Тебризский ковер под ногами, в тридцать локтей длиной, великолепен. Однако, чтобы определить цену точнее, следовало бы пощупать ворс, посчитать узлы на обороте. Но чтобы заметить на лице мадамы Констанции утекшие годы, достаточно внимательного взгляда знатока. С грустью выискивал Усама ибн Мункыз в хмурой госпоже средних лет волшебную девочку-лилию, когда-то лишившую его покоя. Бринсесса по-прежнему держала себя со сдержанным достоинством, но в ней появились уверенность и озабоченность – печальные метки женского одиночества и неприкаянности. Несмотря на тридцать и пять прожитых зим, мадама Констанция все еще могла обрести прелесть в мужских глазах, песочные часы ее фигуры по-прежнему привлекали и задерживали взгляд, и все же очарование юности угасло в ней: лик больше не светился изнутри молочным сиянием, исчезла неопределенная, но неотразимая пленительность, порхавшая солнечным зайчиком между обольстительным изгибом губ и восторженно сияющими опаловыми глазами. На переносице залегла упрямая морщинка, и горечь и разочарование угнездились на лице, в минувшие дни озаренном трогательной, доверчивой нежностью щедрой, беззаветной любви. Мягкость юной Констанции усохла, как мякоть засохшего персика, и сквозь нее проступила жесткая косточка нелегкого нрава, свойственного всем женщинам ее рода. С удовлетворением убедился ибн Мункыз, что даже самые замечательные рыцари-франджи не сумели подарить счастья этой лилии.
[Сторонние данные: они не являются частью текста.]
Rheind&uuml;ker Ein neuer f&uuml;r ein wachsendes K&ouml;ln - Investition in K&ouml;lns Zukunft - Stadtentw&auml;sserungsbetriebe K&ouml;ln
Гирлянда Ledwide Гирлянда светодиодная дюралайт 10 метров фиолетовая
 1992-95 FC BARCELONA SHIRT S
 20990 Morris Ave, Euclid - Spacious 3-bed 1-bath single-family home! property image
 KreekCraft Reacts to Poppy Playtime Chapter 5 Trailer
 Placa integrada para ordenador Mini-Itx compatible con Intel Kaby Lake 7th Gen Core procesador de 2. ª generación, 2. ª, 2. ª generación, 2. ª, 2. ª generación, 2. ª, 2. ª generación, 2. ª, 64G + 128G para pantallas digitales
Впрочем, эмир был слишком хорошо воспитан, чтобы выдать нелестные впечатления. Вместо этого, в утешение отцветающей женщине, посетовал на собственные шестьдесят семь зим, хоть и чувствовал себя превосходно:

– О, моя прекрасная и высокородная госпожа! Как приятно убедиться, что годы не властны над вами! Я поражаюсь, что вы признали меня в моей нынешней дряхлости, ибо беспощадное время подточило меня, как половодье точит речной берег! Я был стремительнее потока и тверже в бою, чем судьба, а ныне стал словно томная девушка, возлежащая на мягких подушках за покрывалом и пологом!